Collected data:
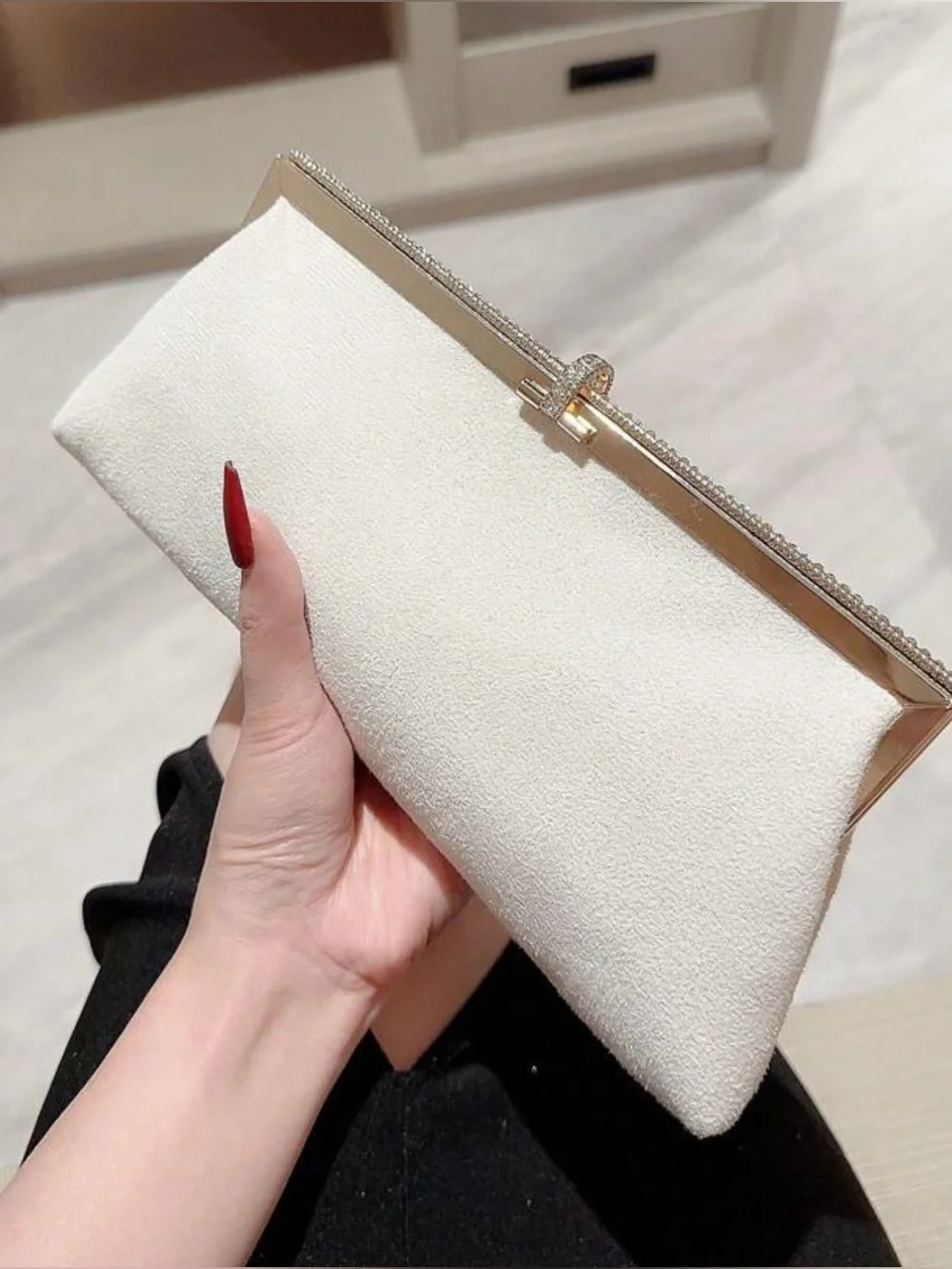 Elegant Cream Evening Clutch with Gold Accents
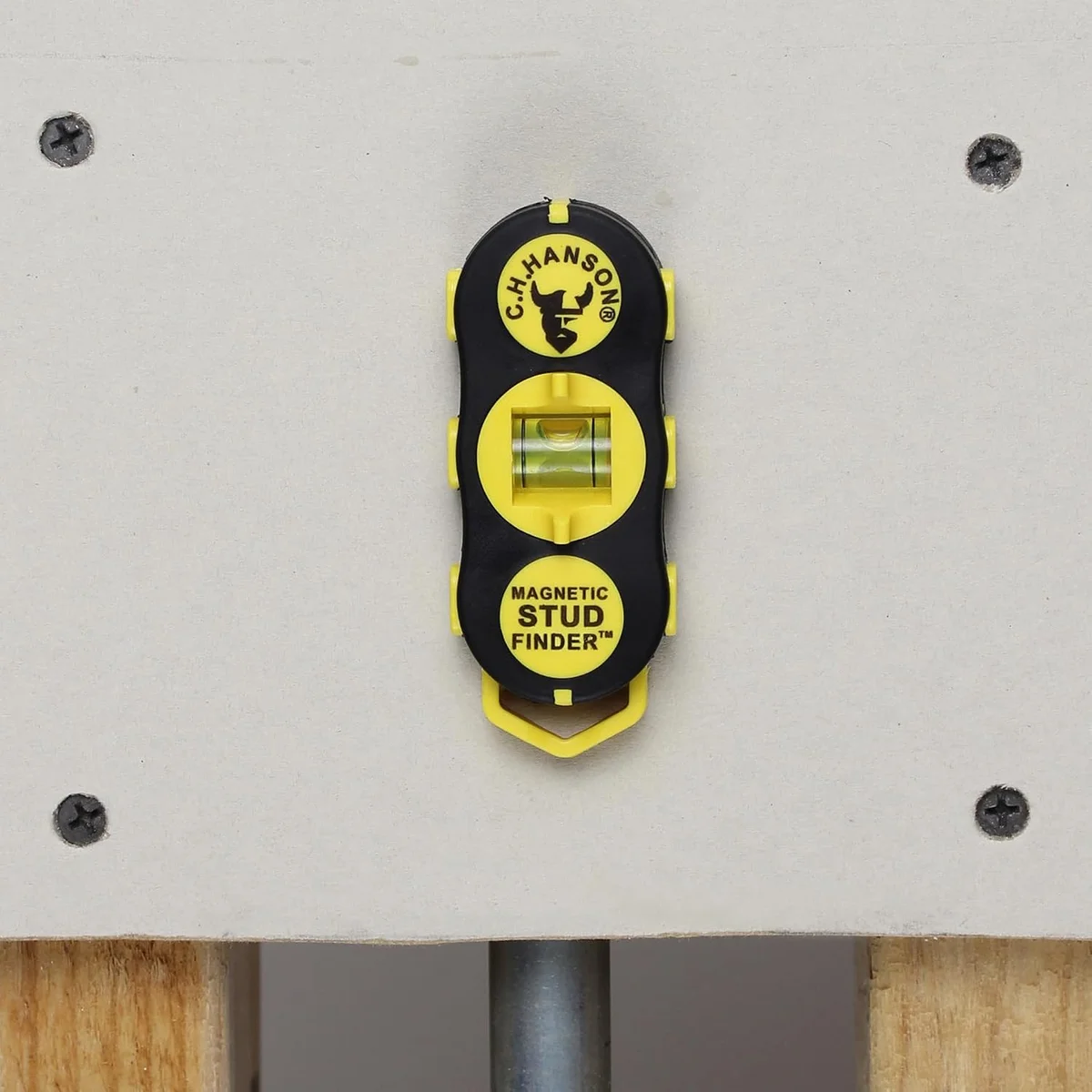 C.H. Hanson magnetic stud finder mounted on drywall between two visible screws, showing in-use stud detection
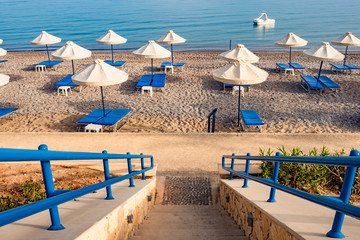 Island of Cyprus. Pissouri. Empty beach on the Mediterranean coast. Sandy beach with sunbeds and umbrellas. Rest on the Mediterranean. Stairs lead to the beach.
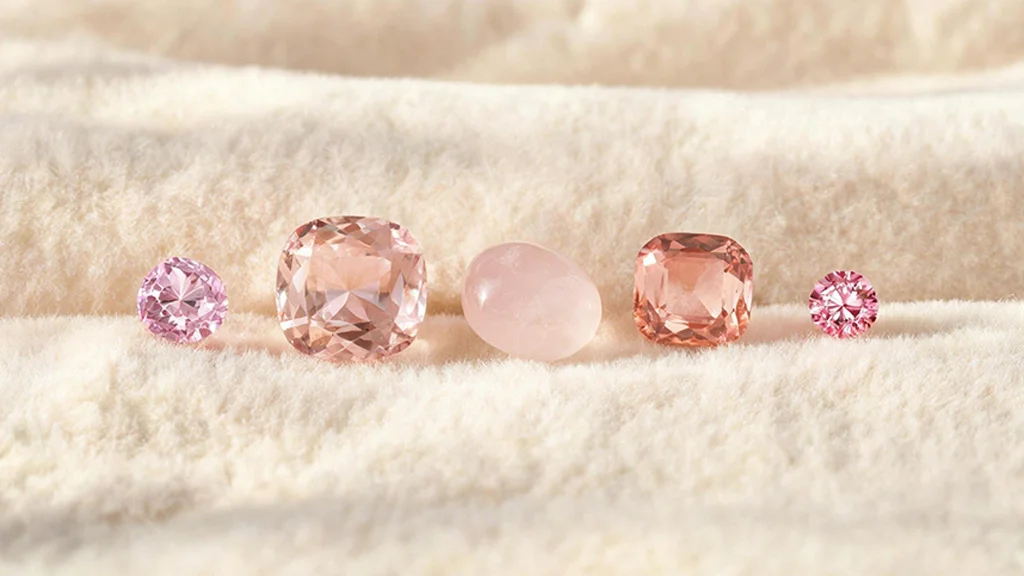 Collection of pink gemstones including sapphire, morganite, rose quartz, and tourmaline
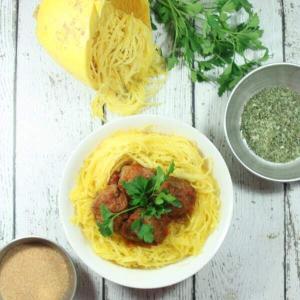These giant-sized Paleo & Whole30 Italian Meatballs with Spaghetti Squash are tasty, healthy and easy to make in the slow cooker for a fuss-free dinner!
---
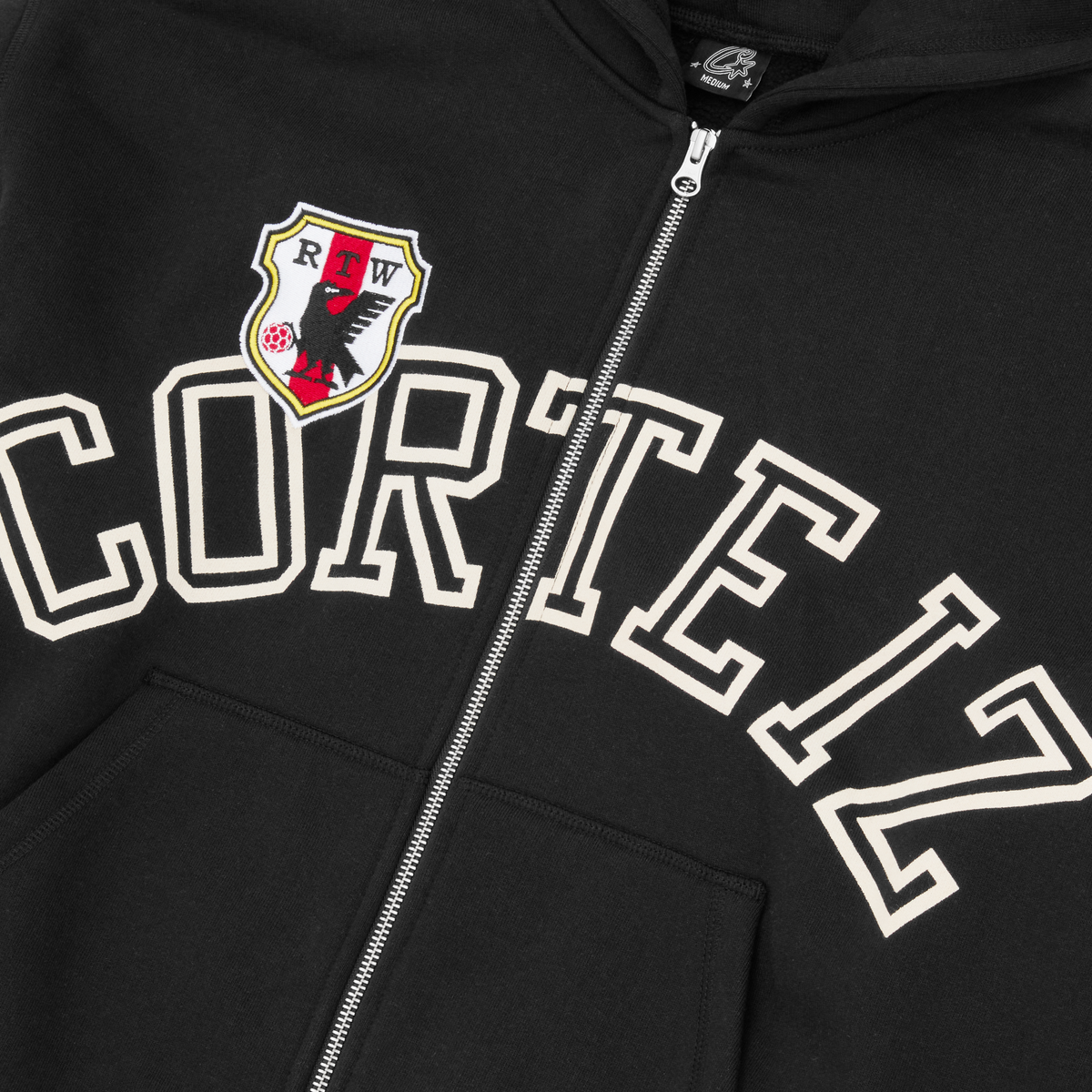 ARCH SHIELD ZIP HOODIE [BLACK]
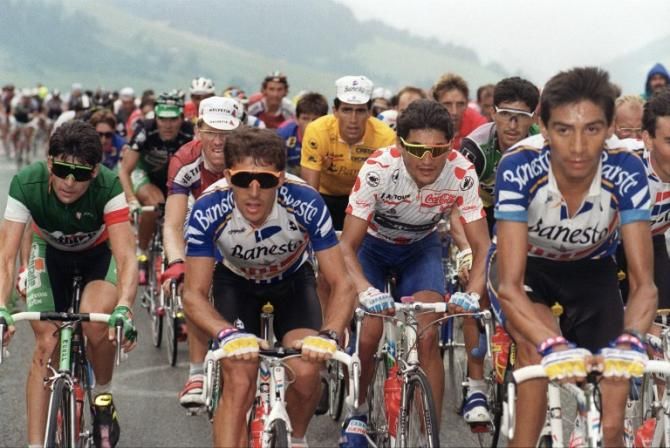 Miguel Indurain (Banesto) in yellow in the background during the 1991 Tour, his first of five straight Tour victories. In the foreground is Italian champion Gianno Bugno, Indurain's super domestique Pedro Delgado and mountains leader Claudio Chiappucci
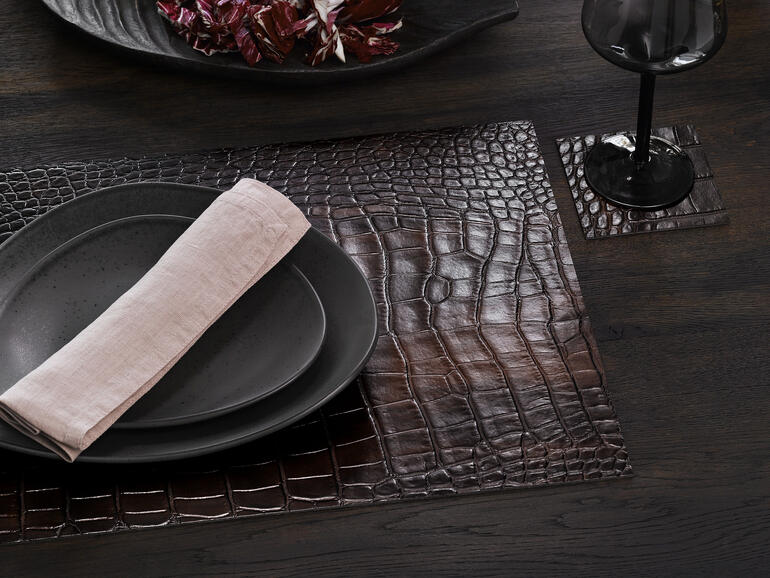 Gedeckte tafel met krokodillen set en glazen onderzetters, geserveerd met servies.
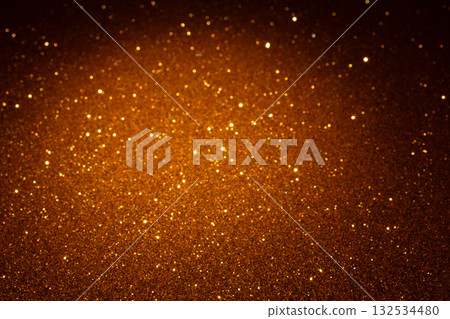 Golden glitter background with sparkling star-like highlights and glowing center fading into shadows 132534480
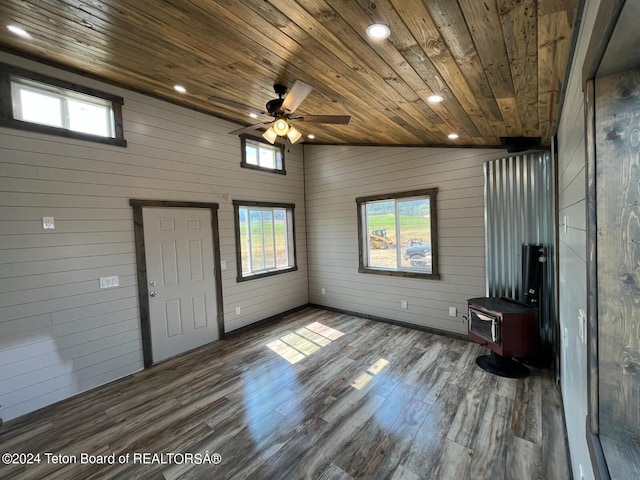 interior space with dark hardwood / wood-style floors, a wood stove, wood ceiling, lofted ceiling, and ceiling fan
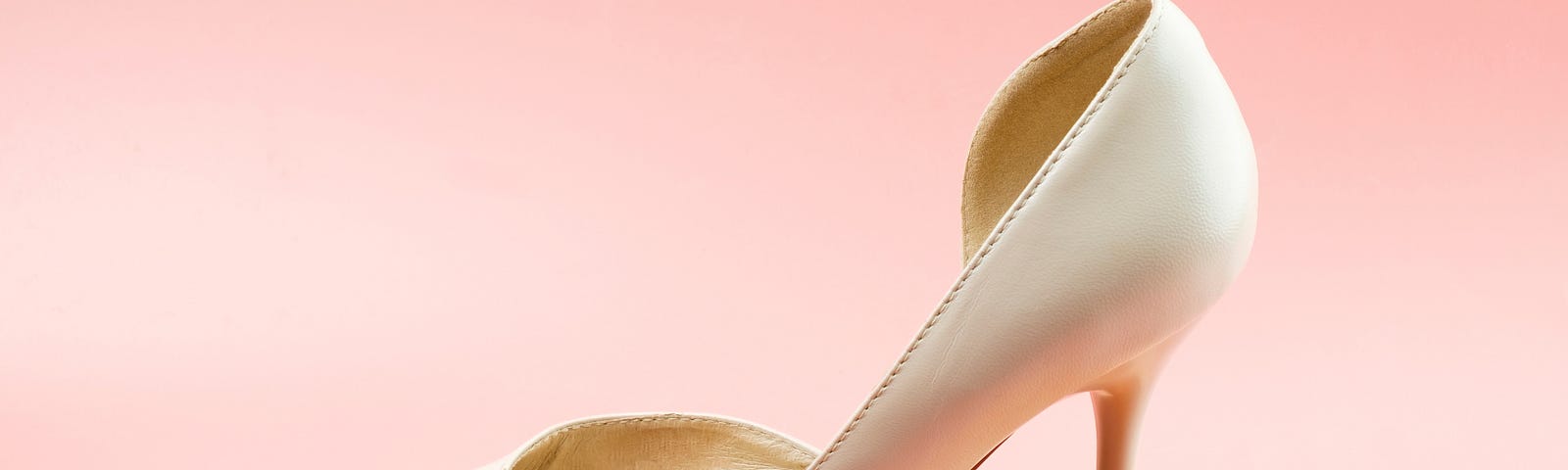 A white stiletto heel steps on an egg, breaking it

* **Task statement**
Where a picture appears in the records above, omit it, and transcribe exactly the stretch of lines from the one with "interior space with" through the one with "A white stiletto".

* **Written solution**
 interior space with dark hardwood / wood-style floors, a wood stove, wood ceiling, lofted ceiling, and ceiling fan
 A white stiletto heel steps on an egg, breaking it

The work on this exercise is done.